## Task brief
For this exercise, transcribe every line of the material exactly and skip the pictures.

## Available data
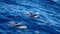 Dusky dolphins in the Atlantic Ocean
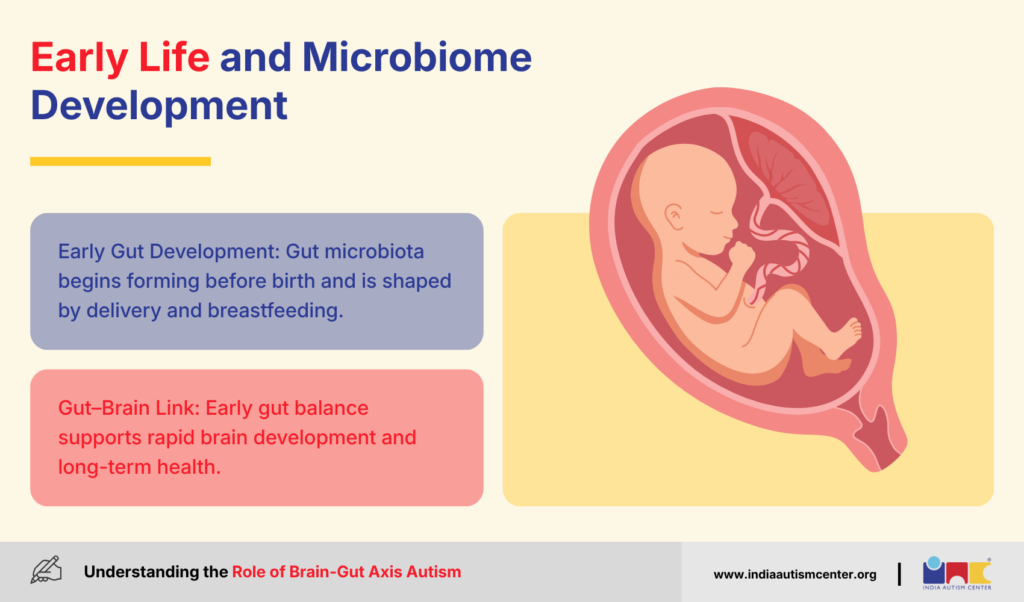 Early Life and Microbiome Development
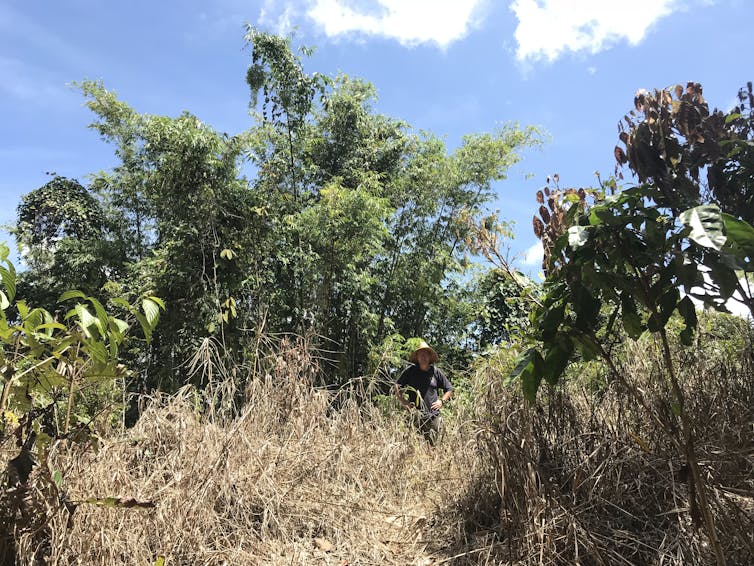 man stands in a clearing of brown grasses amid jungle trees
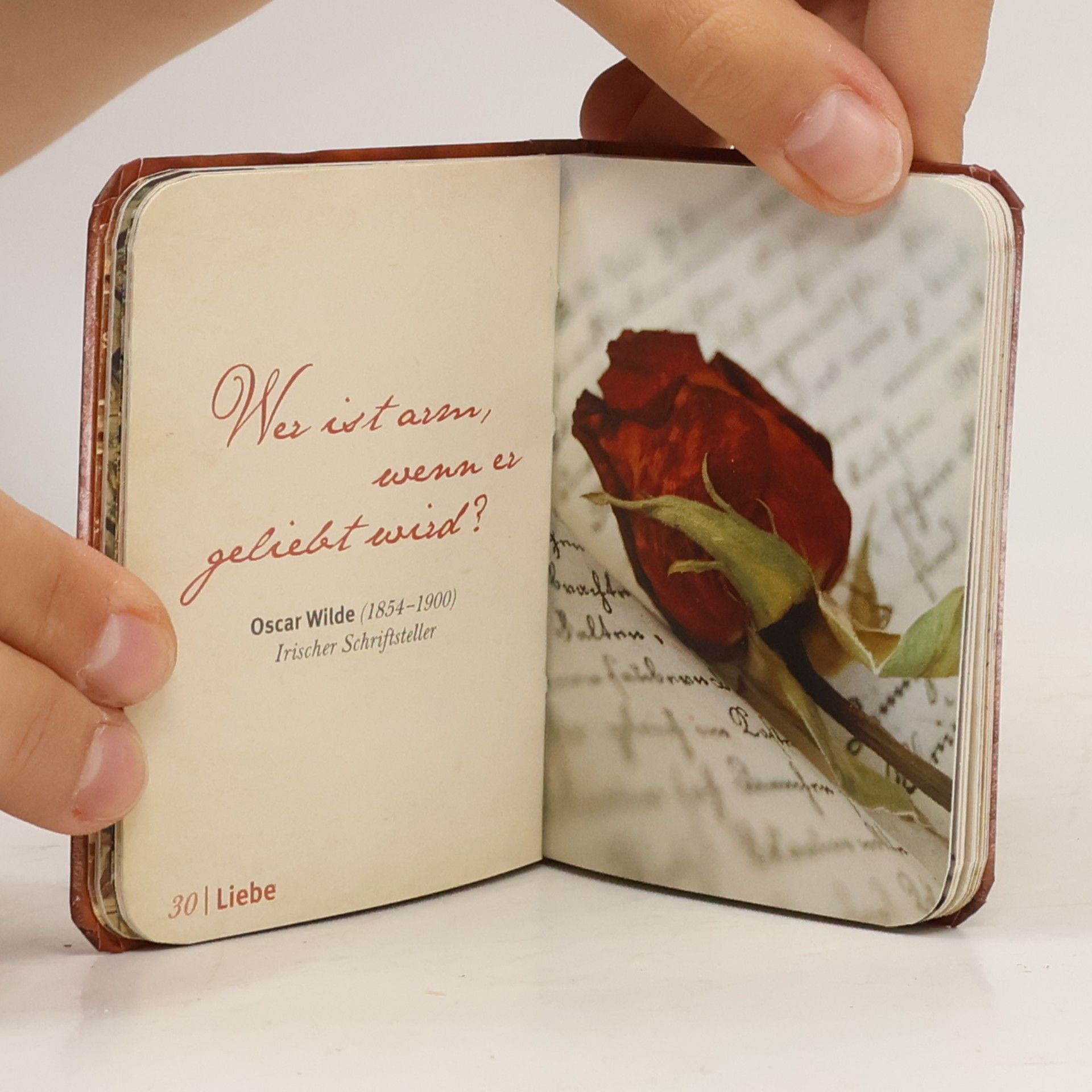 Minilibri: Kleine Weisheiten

## Task answer
 Dusky dolphins in the Atlantic Ocean
 Early Life and Microbiome Development
 man stands in a clearing of brown grasses amid jungle trees
 Minilibri: Kleine Weisheiten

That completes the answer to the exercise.